## What to work on
Repeat the records. Each line must match exactly.

[Short web captions]

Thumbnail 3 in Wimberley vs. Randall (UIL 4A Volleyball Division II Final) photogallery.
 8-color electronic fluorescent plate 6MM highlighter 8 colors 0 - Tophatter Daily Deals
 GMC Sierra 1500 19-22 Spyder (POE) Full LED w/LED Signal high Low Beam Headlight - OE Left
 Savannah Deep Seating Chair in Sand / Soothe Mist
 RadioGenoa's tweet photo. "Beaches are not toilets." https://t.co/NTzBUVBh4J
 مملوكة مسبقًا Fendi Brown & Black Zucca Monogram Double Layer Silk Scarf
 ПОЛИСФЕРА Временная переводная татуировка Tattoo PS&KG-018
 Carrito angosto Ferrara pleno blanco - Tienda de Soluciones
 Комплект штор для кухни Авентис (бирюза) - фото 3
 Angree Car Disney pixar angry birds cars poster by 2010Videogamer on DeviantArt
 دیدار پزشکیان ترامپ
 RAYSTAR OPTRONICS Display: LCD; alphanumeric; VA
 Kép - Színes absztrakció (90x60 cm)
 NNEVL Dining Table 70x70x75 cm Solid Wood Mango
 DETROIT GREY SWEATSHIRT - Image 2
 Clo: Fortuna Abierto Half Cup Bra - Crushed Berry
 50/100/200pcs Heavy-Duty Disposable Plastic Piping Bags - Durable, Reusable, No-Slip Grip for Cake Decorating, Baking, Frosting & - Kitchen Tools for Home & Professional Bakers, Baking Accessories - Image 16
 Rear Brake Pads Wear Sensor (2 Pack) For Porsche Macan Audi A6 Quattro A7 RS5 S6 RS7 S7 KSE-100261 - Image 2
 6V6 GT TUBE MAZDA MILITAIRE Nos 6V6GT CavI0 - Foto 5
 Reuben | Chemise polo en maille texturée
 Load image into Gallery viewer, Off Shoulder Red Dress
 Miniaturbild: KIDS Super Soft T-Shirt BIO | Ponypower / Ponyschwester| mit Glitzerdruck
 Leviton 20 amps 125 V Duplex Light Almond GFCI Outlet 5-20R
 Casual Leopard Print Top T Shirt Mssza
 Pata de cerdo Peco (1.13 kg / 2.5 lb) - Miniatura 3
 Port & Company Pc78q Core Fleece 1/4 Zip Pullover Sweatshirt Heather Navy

## Answer below
Thumbnail 3 in Wimberley vs. Randall (UIL 4A Volleyball Division II Final) photogallery.
 8-color electronic fluorescent plate 6MM highlighter 8 colors 0 - Tophatter Daily Deals
 GMC Sierra 1500 19-22 Spyder (POE) Full LED w/LED Signal high Low Beam Headlight - OE Left
 Savannah Deep Seating Chair in Sand / Soothe Mist
 RadioGenoa's tweet photo. "Beaches are not toilets." https://t.co/NTzBUVBh4J
 مملوكة مسبقًا Fendi Brown & Black Zucca Monogram Double Layer Silk Scarf
 ПОЛИСФЕРА Временная переводная татуировка Tattoo PS&KG-018
 Carrito angosto Ferrara pleno blanco - Tienda de Soluciones
 Комплект штор для кухни Авентис (бирюза) - фото 3
 Angree Car Disney pixar angry birds cars poster by 2010Videogamer on DeviantArt
 دیدار پزشکیان ترامپ
 RAYSTAR OPTRONICS Display: LCD; alphanumeric; VA
 Kép - Színes absztrakció (90x60 cm)
 NNEVL Dining Table 70x70x75 cm Solid Wood Mango
 DETROIT GREY SWEATSHIRT - Image 2
 Clo: Fortuna Abierto Half Cup Bra - Crushed Berry
 50/100/200pcs Heavy-Duty Disposable Plastic Piping Bags - Durable, Reusable, No-Slip Grip for Cake Decorating, Baking, Frosting & - Kitchen Tools for Home & Professional Bakers, Baking Accessories - Image 16
 Rear Brake Pads Wear Sensor (2 Pack) For Porsche Macan Audi A6 Quattro A7 RS5 S6 RS7 S7 KSE-100261 - Image 2
 6V6 GT TUBE MAZDA MILITAIRE Nos 6V6GT CavI0 - Foto 5
 Reuben | Chemise polo en maille texturée
 Load image into Gallery viewer, Off Shoulder Red Dress
 Miniaturbild: KIDS Super Soft T-Shirt BIO | Ponypower / Ponyschwester| mit Glitzerdruck
 Leviton 20 amps 125 V Duplex Light Almond GFCI Outlet 5-20R
 Casual Leopard Print Top T Shirt Mssza
 Pata de cerdo Peco (1.13 kg / 2.5 lb) - Miniatura 3
 Port & Company Pc78q Core Fleece 1/4 Zip Pullover Sweatshirt Heather Navy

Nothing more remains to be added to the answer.